> [TASK TO CARRY OUT]:
Look for the line with "Prodej domu 800 m², Castel Frentano" in the data below, then reproduce word for word that line and every line after it. Leave out all pictures and add nothing.

[Captioned web image data]
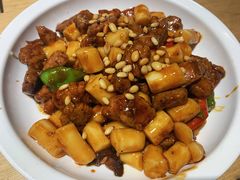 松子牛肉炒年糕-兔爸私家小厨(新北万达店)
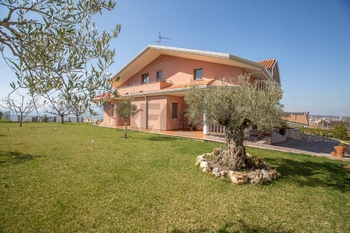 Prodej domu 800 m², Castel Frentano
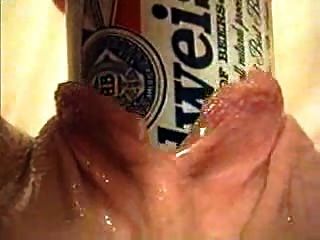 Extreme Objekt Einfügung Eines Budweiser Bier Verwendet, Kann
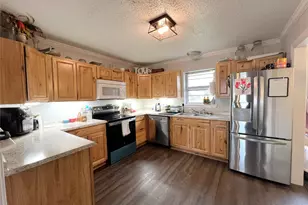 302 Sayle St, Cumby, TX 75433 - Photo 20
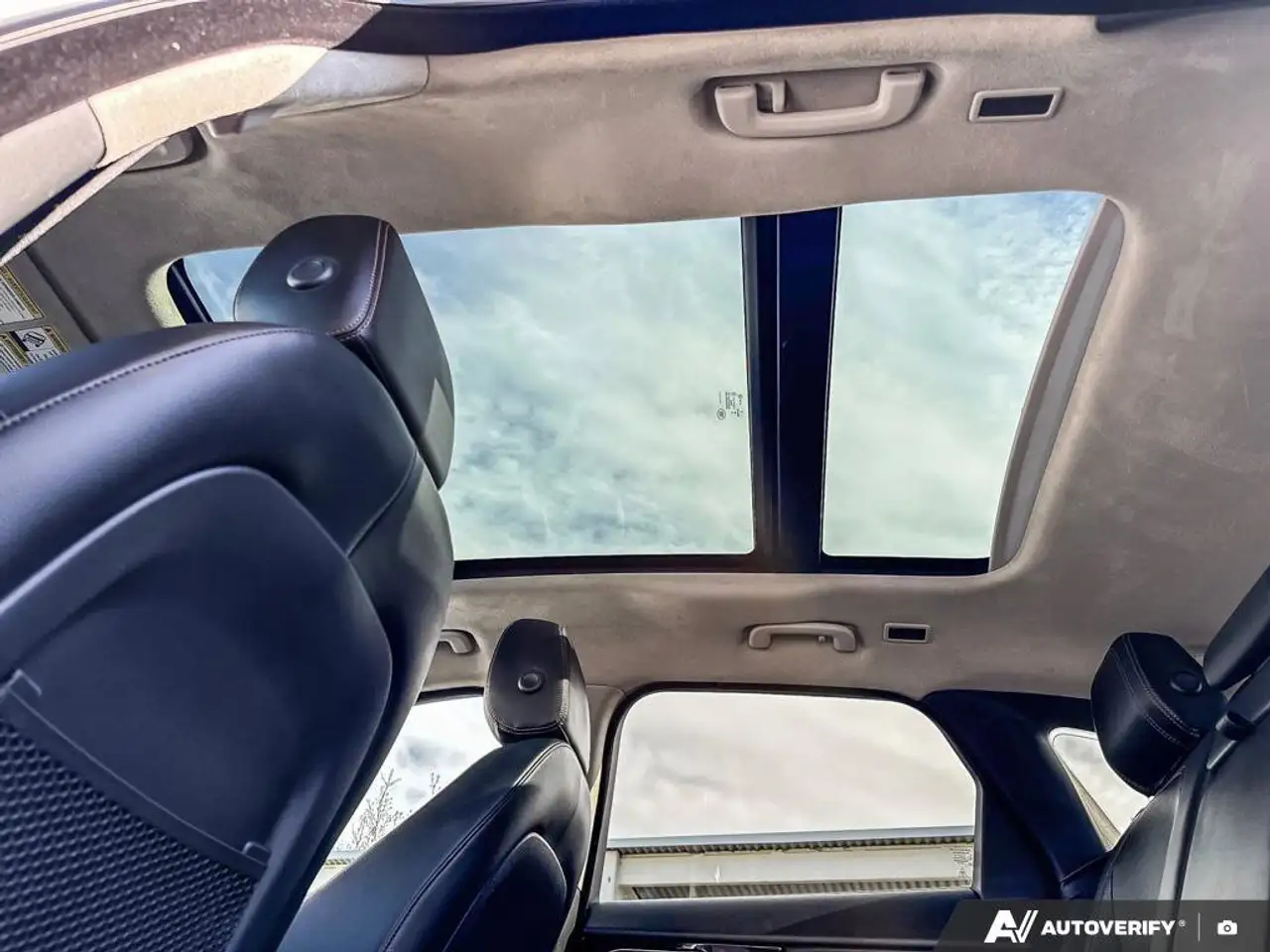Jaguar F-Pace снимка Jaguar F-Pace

> [RESPONSE TO THE TASK]:
 Prodej domu 800 m², Castel Frentano
 Extreme Objekt Einfügung Eines Budweiser Bier Verwendet, Kann
 302 Sayle St, Cumby, TX 75433 - Photo 20
Jaguar F-Pace снимка Jaguar F-Pace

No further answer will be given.